Diese, in Bezug auf den feministischen Grundgehalt, revolutionäre These mag zwar dem Beweis schwer zugänglich sein, die daraus resultierenden Forderungen aber, entsprechen annähernd den Ansprüchen an Gleichberechtigung, die ein moderner Staat an sich selbst stellen sollte. De Gouge fordert dies, „damit die Machtausübung von Frauen ebenso wie jene von Männern jederzeit am Zweck der politischen Einrichtung gemessen und somit auch mehr geachtet werden kann, damit die Beschwerden von Bürgerinnen, nunmehr gestützt auf einfache und unangreifbare Grundsätze, sich immer zur Erhaltung der Verfassung, der guten Sitten und zum Wohl aller auswirken mögen.“3

Das Frauenwahlrecht und die damit einhergehende politische Akzeptanz, Frauen, ordentlich am politischen Geschehen teilhaben zu lassen, wurde in Europa, auf nationalstaatlicher Ebene, mehrheitlich in engen Zusammenhang mit dem ersten Weltkrieg geschaffen.4 Diese Entwicklung kann in Verbindung mit dem später während des zweiten Weltkriegs von der NS-Führung etablierten Schlagwort der “Heimatfront“ in Verbindung gebracht werden..5 Gemeint ist die von der administrativen Führung gewünschte aufopferungsvolle Zusatzarbeit, die der kriegsbedingt ausgedünnten Zivilbevölkerung aufgelastet wird. Da die Verrichtung elementarer Funktionen im Staat gewährleistet werden muss, führt dies unweigerlich zu einem “Nachrücken“ der weiblichen Bevölkerung. Das Personal in Tätigkeitsfeldern, die vorher noch klassisch männlich dominiert und definiert waren, wie zum Beispiel die Rüstungsindustrie, wurde scheinbar über Nacht durch Arbeiterinnen ersetzt. Durch das Etablieren von weiblichen Beschäftigten in beinahe allen Bereichen der Gesellschaft, entstanden fachspezifisches “Know-how“ und gewisse Perspektiven bei den Betroffenen. So ist es beinahe unumgänglich, dass nach Beendigung des Konflikts ein gewisser emanzipatorischer Fortschritt bleibt.

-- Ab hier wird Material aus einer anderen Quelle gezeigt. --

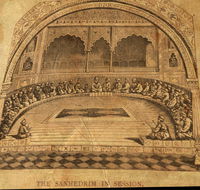 איור המדמה את ישיבת הסנהדרין משנת 1883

Doch die vollständige Emanzipation der Frau bleibt ein Thema von alltäglicher Relevanz. Selbst in der vermeintlich aufgeklärten westlichen Welt birgt die Thematik genug Zündkraft, um politische Debatten auszulösen.

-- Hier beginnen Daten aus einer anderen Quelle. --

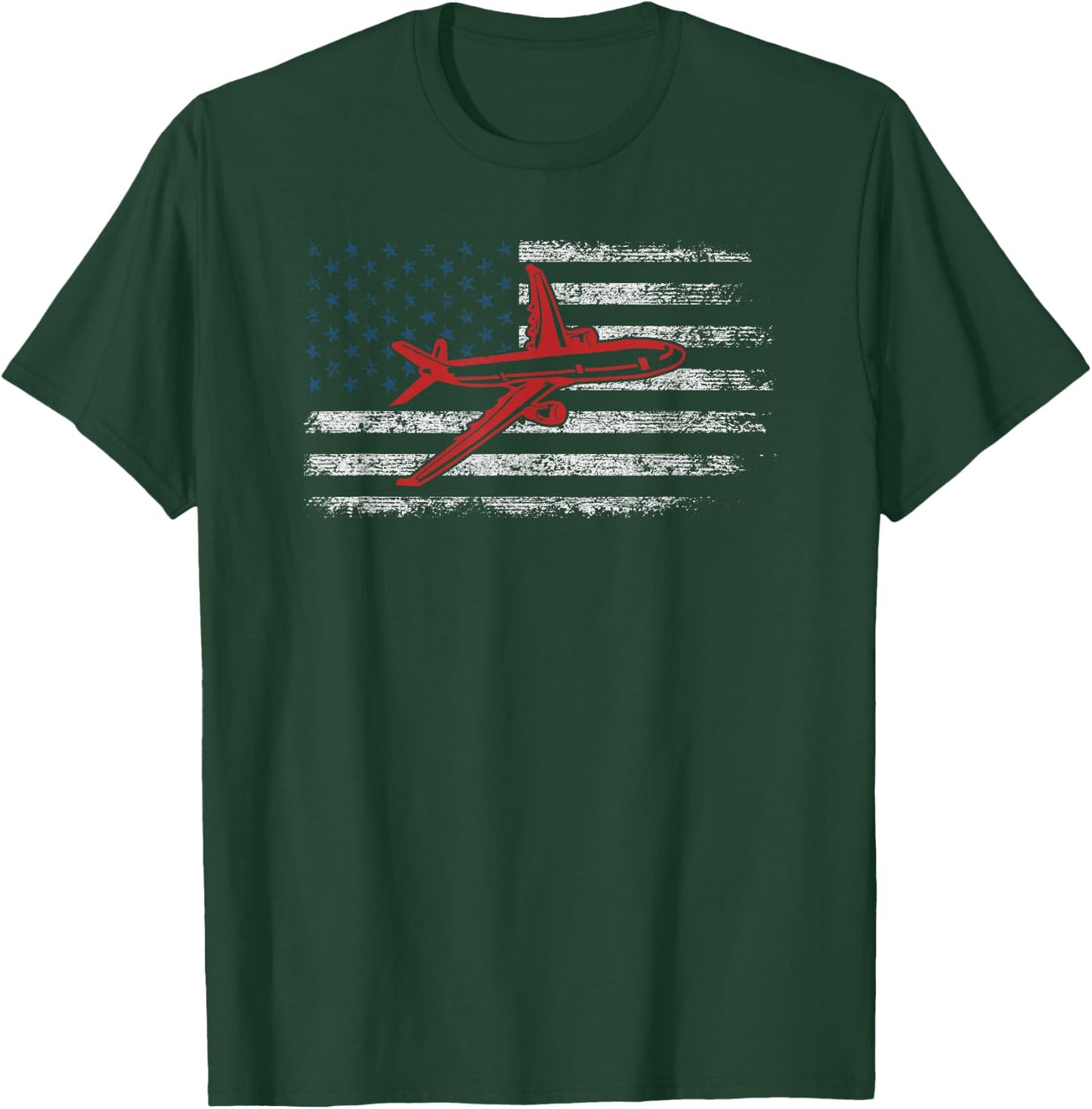 US Flag Airplane Patriotic American Pilot 4th of July T-Shirt - T-Shirt | Forest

Die vollständige Gleichstellung der Geschlechter ist ein von den Vereinten Nationen gewünschtes Ziel und wurde am 18. Dezember 1979 in der“Convention on the Elimination of All Forms of Discrimination against Women” - CEDAW, gesetzlich verankert. In manchen Teilen dieser Welt steckt die Umsetzung des CEDAW allerdings noch in den Kinderschuhen.

Wendet man den Blick gen Syrien, so wird einem das mit erschreckender härte klar. Die arabische Republik, die im internationalen Vergleich bezüglich des HDI mit einem Index von 0,536 nur Platz 155 belegt,6 wird nun im achten Jahr von einem zermürbenden Bürgerkrieg geplagt. In dem Vielparteienkonflikt, in dem um Einflusssphären in Syrien und die Geschicke des Landes gebuhlt wird, spielen emanzipatorische Interessen eine eher untergeordnete Rolle.

Doch Menschenrechtsaktivistinnen wie Suheir Atassi, ehemals Vizepräsidentin der Nationalkoalition syrischer Revolutions- und Oppositionskräfte7, sehen eine Chance. Auch in Syrien leisten Frauen aufopferungsvoll die Zusatzarbeit, die die kriegsbedingt ausgedünnte Zivilbevölkerung vollbringen muss.

Hier sehe ich eine gewisse Parallel zur westlichen Welt im 20. Jahrhundert. Kann es der weiblichen Bevölkerung gelingen, ähnlich wie im Europa der Zwischenkriegszeit, sich einen exponierteren Platz in der Zivilgesellschaft zu sichern, Bürgerinnen-Rechte zu erwerben, schlicht gesagt, die Gleichberechtigung voranzutreiben? Gerade der bewaffnete Kampf von rein weiblichen Milizen und der pazifistische Beitrag der femininen Bevölkerung lassen dies vermuten und stehen in einem Gegensatz zum lokal, vorherrschenden Gesellschaftssystem.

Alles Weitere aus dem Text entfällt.